J-L. G : On avait déjà constaté un redressement en fin de campagne passée, et le début de la campagne actuelle est dans cette tendance, avec un net renforcement (+10% en novembre !). On peut apporter quelques explications à cette reprise : la faiblesse de la production des jardins à cause du mildiou, bien sûr, et aussi la baisse des prix de la pomme de terre (-10 % par rapport à 2006), phénomène favorable alors que l’on parle de la hausse du prix des pâtes et du pain, sans oublier les stupidités que l’on continue à entendre sur la soi disant cherté des fruits et légumes.
Il faut aussi tenir compte, je pense, de la poursuite du travail de la filière sur la présentation, les packagings, l’information et la publi-promotion.
Une vocation exportatrice
LM : L’une des caractéristiques fondamentales du marché français de la pomme de terre de conservation est la progression régulière ces dernières années de l’exportation qui représente actuellement plus du tiers de notre production nationale. Campagnes après campagnes, les records des sorties sont battus ; peut-on espérer progresser encore longtemps ?
J-L.G : Il y a eu conjonction de deux phénomènes dans la progression des exportations depuis quelques années. Une tendance de fond d’abord (en Espagne par exemple mais pas seulement) qui voit les producteurs locaux abandonner une culture trop difficile pour eux compte tenu de leurs sols et de leurs conditions climatiques, au profit d’autres spéculations.
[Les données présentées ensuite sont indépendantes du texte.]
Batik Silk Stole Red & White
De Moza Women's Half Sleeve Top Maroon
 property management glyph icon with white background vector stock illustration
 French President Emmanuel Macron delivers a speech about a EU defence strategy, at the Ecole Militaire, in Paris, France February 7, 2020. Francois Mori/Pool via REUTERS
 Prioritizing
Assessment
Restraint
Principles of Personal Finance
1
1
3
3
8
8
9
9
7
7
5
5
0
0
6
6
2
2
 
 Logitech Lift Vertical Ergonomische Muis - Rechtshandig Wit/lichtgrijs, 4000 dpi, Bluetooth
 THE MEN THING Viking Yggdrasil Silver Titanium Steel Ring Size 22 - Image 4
La pomme de terre française y prend la place des locales, d’autant que sa qualité satisfait mieux les demandes actuelles de la distribution, dont les ventes progressent. Mais il y a eu aussi des facteurs conjoncturels, climatiques (gels, sécheresses, inondations…) qui depuis 10 ans touchent les pays les uns après les autres et dont profite la France, bien placée géographiquement, plutôt épargnée jusqu’ici et dont la technicité des producteurs permet d’être présent sur toute une campagne.
On ne maintiendra donc pas toujours les mêmes tonnages à l’exportation, mais le niveau « normal » a dû doubler depuis 10 ans et doit se situer aujourd’hui à plus de 1 200 000 tonnes.
LM : Nous approchons de la deuxième partie de l’actuelle campagne . Quel bilan tirer de la première et que laisse-t-il présager pour la suite de la saison ?
J-L.G : Nous ne disposons de chiffres que jusqu’à fin octobre ou novembre au mieux ; il est donc un peu tôt pour dire quel profil aura cette campagne. Le début en est cependant difficile avec des problèmes en culture, une pression sur les prix, sans parler des difficultés de transport à l’export. Le potentiel existe cependant pour une campagne relativement équilibrée au niveau européen, si l’on parvient à maîtriser la qualité.